DATA SECTION >>

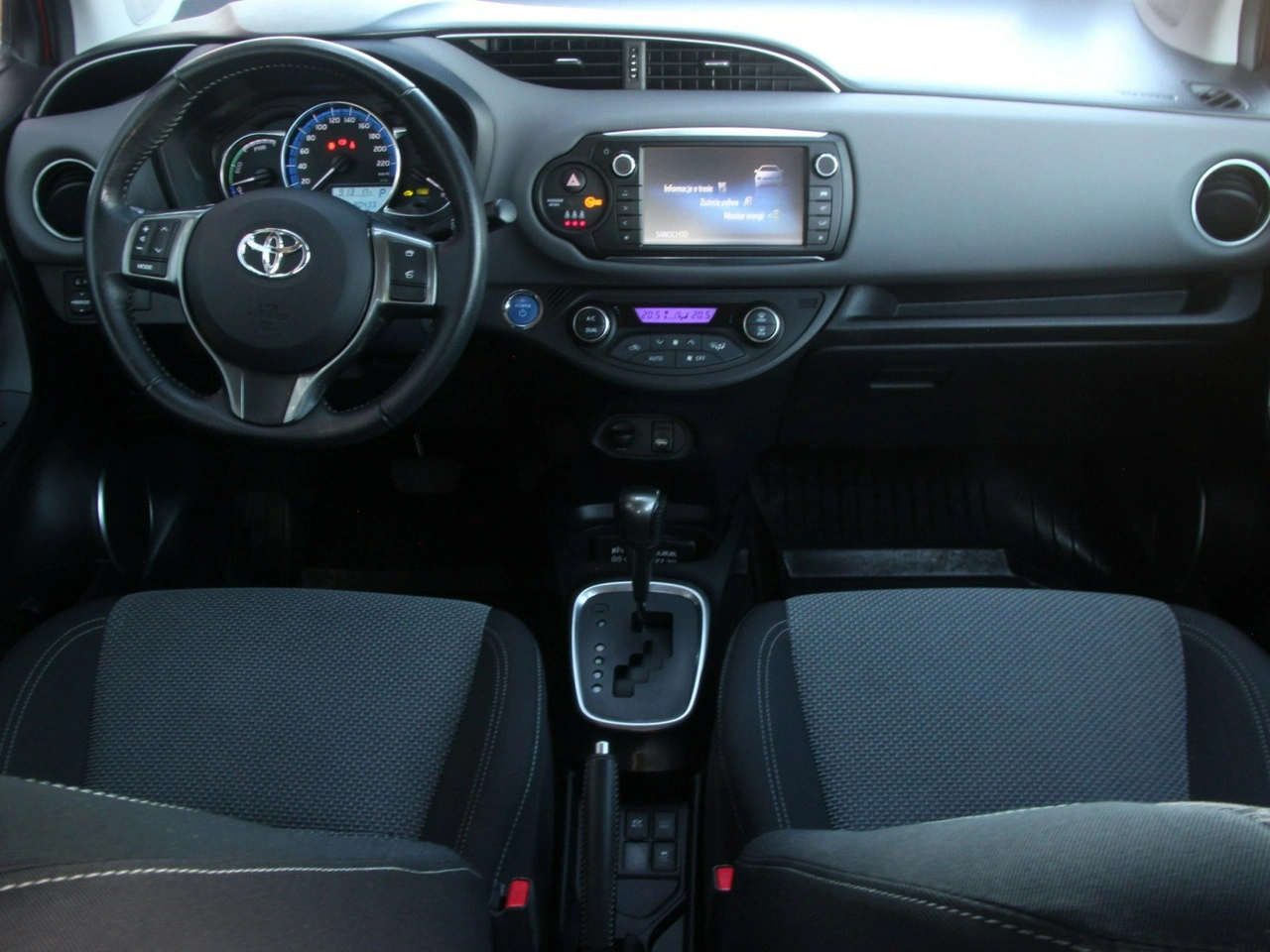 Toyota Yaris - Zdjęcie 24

==

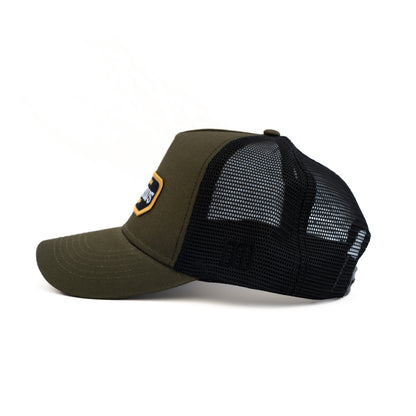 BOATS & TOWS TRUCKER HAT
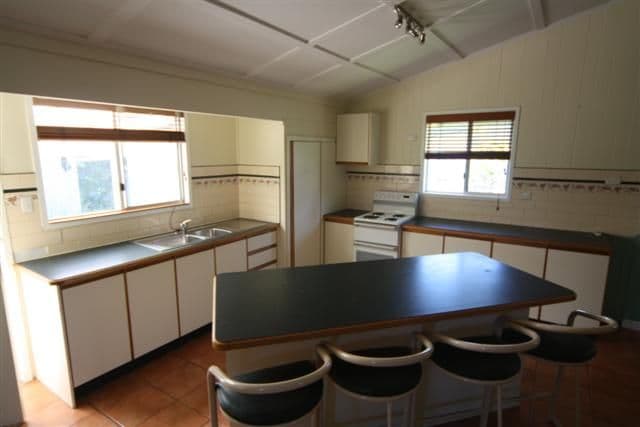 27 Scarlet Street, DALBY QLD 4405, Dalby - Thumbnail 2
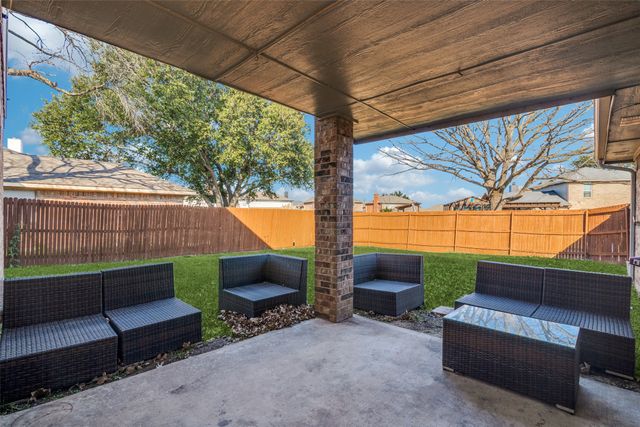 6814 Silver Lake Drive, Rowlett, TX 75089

WHAT THE EXERCISE ASKS >> Above are the records; copy exactly the lines from the one with "BOATS & TOWS TRUCKER HAT" through the one with "6814 Silver Lake Drive, Rowlett, TX 75089", including both, and nothing more. Leave out pictures.

RESPONSE TO THIS TASK >>
 BOATS & TOWS TRUCKER HAT
 27 Scarlet Street, DALBY QLD 4405, Dalby - Thumbnail 2
 6814 Silver Lake Drive, Rowlett, TX 75089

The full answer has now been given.